In this exercise, you'll try to generate text with an n-gram model. In the generation, we use the last generated n-1 words as the prefix, and the n-gram counts to establish the distribution of possible continuations. So we might run this off the following data structure:

* A master dictionary, where the key are n-1 grams
* The value is another dictionary
* In this dictonary the key is a word
* And the value is its count

So, when generating, we can take the last n-1 words, look them up in the master dictionary, and we get a dictionary of all seen continuations and their counts.

Let us divide it to the following tasks:

1. Generate n-grams from a corpus of text, e.g. the IMDB dataset
2. Count the n-grams, i.e. build the master dictionary

With these data structures, the generation can proceed quite easily. Say, we have a 4-gram model.

* Given a prior context $w_1w_2w_3$
* Look up the word-count dictionary of possible words $w_4$
* The counts, once normalized to sum up to 1, form a distribution over words that can continue $w_1w_2w_3$ and we can sample the next word from this distribution.
* The we append this generated word to our list of already generated words, and repeat the process


Other remarks:

* We want to pad all texts with <bos> (beginning of sequence) and <eos> (end of sequence). The <bos> we want to have there n-1 times, so we can use it as the initial prompt and let the model learn how the sequences start. The <eos> allows us to stop generating, and prevents a crash on unknown n-grams at the very end of a sequence. (if an n-gram $w_1w_2w_3w_4$ was seen only once at the end of a "training" sequence, then an attempt to continue it during generation, would lead to a crash, since we have no known n-gram to continue the sequence $w_2w_3w_4$ with our simple, unsmoothed model :)

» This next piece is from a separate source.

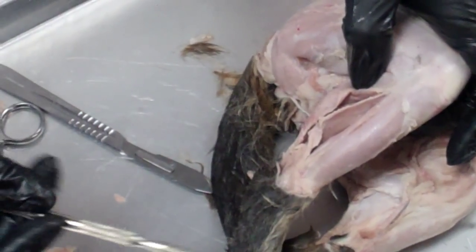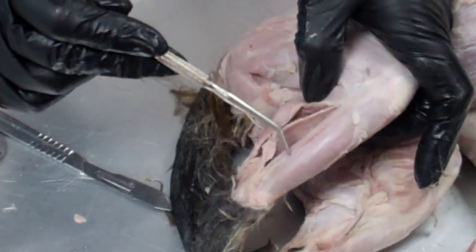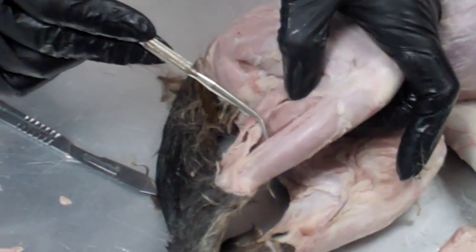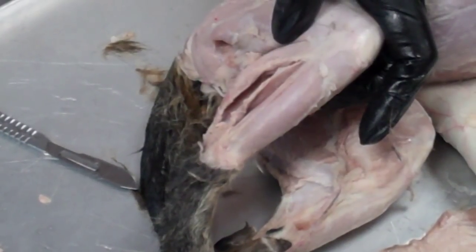So those are the muscles you need. From the front: tibialis anterior, extensor digitorum longus, peroneus muscle, soleus muscle, and gastrocnemius muscle.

# Task A: Generate n-grams

* Write a generator function (using `yield` rather than `return`) which yields n-grams as tuples $(w_1,...,w_n)$ from all sections of the IMDB dataset
* a vectorizer from `sklearn` can be used as a trivial tokenizer
* `more-itertools` is a nifty library to achieve the n-gram generation
* remember to pad with n-1 `<bos>` symbols at the beginning, and one `<eos>` symbol at the end

You can give this a shot, or simply use the code below.

In [1]:
!pip3 install datasets more-itertools

Collecting datasets
  Downloading datasets-2.18.0-py3-none-any.whl (510 kB)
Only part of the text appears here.